The broad market indexes sold off strongly from the beginning of the session as investors and fund managers continued yesterday's action. Selling may have been spurred on by the report released by payroll processing company Automatic Data Processing, Inc. (ADP).
This report, which attempts to give a preview of the government's nonfarm payroll report, calculates the estimated change in the number of employed people. The report missed its estimate by a small amount, but if that news wasn't bad enough, crude oil inventories came in much higher than estimated, sending energy stocks lower still and suggesting that the downward move in stocks may be driven by fears of decreased consumer demand. Whether or not that is the case, the selling appears to be much more than a mere sector rotation.
Investors may have also been soured after news that sent the financial sector lower yesterday. Discount broker The Charles Schwab Corporation (SCHW) announced that it would lower commissions to zero in response to competition from firms such as Betterment and Robinhood, which offer app-driven broker services with no commissions.
Investors Rethink Schwab's Valuation
When San-Francisco based Charles Schwab announced that it would offer trades with zero-dollar base commission cost, investors responded quickly to reevaluate the share price for the company. Investors have likely established a valuation for the company based on the assumption that one of the company's main revenue sources is the commissions earned from self-directed traders. It;s not a surprise that removing that particular revenue source would naturally have a big impact on these investors' perceptions about what the company is worth.
The company appeared prepared for that perception change because it attempted to blunt its impact. In Schwab's announcement, it gave a number to help investors understand that the impact of this move may not be as drastic as it seems. The company spelled out that this move would create a loss of revenue (in this area) of about $100 million dollars per year. Perhaps the company figured that this paltry sum was unimportant. (After all, what's nine figures between friends, right?) Perhaps Schwab figured that, if it simply explained this well enough, investors would warm to the idea since, after all, it could mean many new customers driving revenue in other ways. Not a chance.

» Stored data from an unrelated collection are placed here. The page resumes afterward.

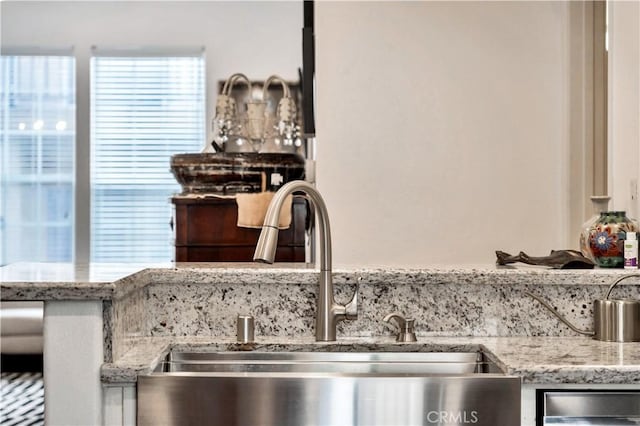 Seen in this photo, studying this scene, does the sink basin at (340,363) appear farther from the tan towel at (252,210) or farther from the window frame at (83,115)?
the window frame at (83,115)

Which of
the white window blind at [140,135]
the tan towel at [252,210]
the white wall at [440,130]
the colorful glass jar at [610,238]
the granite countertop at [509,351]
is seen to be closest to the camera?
the granite countertop at [509,351]

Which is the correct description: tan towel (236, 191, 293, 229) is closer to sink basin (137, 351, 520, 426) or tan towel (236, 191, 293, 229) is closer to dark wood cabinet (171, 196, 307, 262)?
dark wood cabinet (171, 196, 307, 262)

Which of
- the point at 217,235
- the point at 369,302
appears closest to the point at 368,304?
the point at 369,302

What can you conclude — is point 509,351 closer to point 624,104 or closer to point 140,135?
point 624,104

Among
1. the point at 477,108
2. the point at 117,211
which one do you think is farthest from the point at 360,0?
the point at 117,211

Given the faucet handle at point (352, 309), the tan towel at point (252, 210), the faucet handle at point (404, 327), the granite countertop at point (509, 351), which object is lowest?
the granite countertop at point (509, 351)

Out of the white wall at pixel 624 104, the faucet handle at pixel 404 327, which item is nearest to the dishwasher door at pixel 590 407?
the faucet handle at pixel 404 327

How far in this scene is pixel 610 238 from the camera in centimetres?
189

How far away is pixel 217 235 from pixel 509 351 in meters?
2.00

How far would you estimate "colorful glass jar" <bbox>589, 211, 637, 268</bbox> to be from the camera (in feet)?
6.17

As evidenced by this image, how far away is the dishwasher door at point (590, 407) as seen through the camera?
136 centimetres

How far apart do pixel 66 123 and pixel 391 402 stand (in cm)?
528

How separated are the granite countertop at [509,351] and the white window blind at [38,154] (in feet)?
15.7

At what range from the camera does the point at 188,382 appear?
1358 millimetres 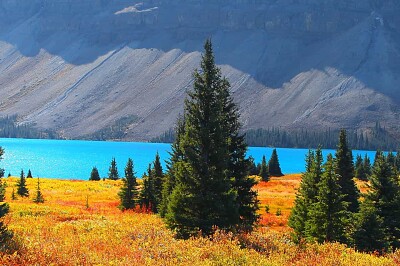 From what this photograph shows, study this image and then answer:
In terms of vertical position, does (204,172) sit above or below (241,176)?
above

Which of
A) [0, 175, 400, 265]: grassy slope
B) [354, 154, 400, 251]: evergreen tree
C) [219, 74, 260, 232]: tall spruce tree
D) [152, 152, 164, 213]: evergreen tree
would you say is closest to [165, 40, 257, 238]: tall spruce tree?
[0, 175, 400, 265]: grassy slope

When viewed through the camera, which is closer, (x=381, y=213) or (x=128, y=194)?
(x=381, y=213)

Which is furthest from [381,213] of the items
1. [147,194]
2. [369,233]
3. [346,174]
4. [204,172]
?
[147,194]

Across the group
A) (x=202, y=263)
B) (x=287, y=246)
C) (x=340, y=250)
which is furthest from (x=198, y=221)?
(x=202, y=263)

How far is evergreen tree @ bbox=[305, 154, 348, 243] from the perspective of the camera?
23922mm

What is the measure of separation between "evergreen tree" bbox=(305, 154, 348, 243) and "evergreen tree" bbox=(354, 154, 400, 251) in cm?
129

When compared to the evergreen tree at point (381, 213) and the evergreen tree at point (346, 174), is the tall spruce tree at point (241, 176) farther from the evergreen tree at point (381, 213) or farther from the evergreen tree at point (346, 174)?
the evergreen tree at point (346, 174)

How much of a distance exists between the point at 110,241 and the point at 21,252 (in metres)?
3.30

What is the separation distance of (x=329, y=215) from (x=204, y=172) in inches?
362

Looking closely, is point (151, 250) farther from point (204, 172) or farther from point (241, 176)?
point (241, 176)

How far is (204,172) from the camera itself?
61.6 ft

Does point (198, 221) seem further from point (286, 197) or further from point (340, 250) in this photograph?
point (286, 197)

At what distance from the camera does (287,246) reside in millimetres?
15188

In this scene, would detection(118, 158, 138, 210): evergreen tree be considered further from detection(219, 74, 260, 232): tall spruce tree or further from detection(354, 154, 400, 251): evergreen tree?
detection(354, 154, 400, 251): evergreen tree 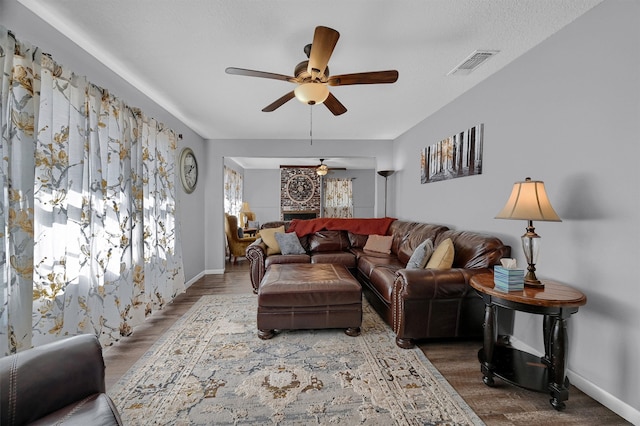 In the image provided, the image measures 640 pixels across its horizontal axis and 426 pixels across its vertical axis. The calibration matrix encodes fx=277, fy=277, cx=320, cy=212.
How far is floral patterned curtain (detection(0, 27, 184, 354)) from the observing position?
157cm

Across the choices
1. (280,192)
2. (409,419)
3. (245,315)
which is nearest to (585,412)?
(409,419)

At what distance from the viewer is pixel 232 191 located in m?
7.22

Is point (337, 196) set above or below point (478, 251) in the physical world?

The market seemed to respond to the number with an unimpressed reaction, as if to say, "Uh, more like $5 billion." Investors sold Schwab's stock price down by more than five dollars per share (about 12%) in two days of trading, reducing the company's market capitalization by 50 years worth of lost commissions. Either the market is overreacting or there is possibly more negative news yet to come from the company, not to mention the sector at large.
Schwab's Volley Kicks off Broker's Price War
The price action for shares of Charles Schwab was drastic indeed, but the influence of the announcement had a broader reach than the company's own shares. Shares of its competitors, TD Ameritrade Holding Corporation (AMTD), E*TRADE Financial Corporation (ETFC), Interactive Brokers, Inc. (IBKR), and others took a similar hit to share prices. The chart below shows that high-service brokers such as Raymond James Financial, Inc. (RJF), or Waddell & Reed Financial, Inc. (WDR) fared better than others.
The Bottom Line
U.S. stock indexes fell for the second day in a row, showing that investors are clearly more than a little worried about the future return on stocks. Some investors are hedging their portfolios with gold or bonds. One of the bigger impacts in the market may have come from Schwab's announcement that ended the race to zero in discount broker commissions.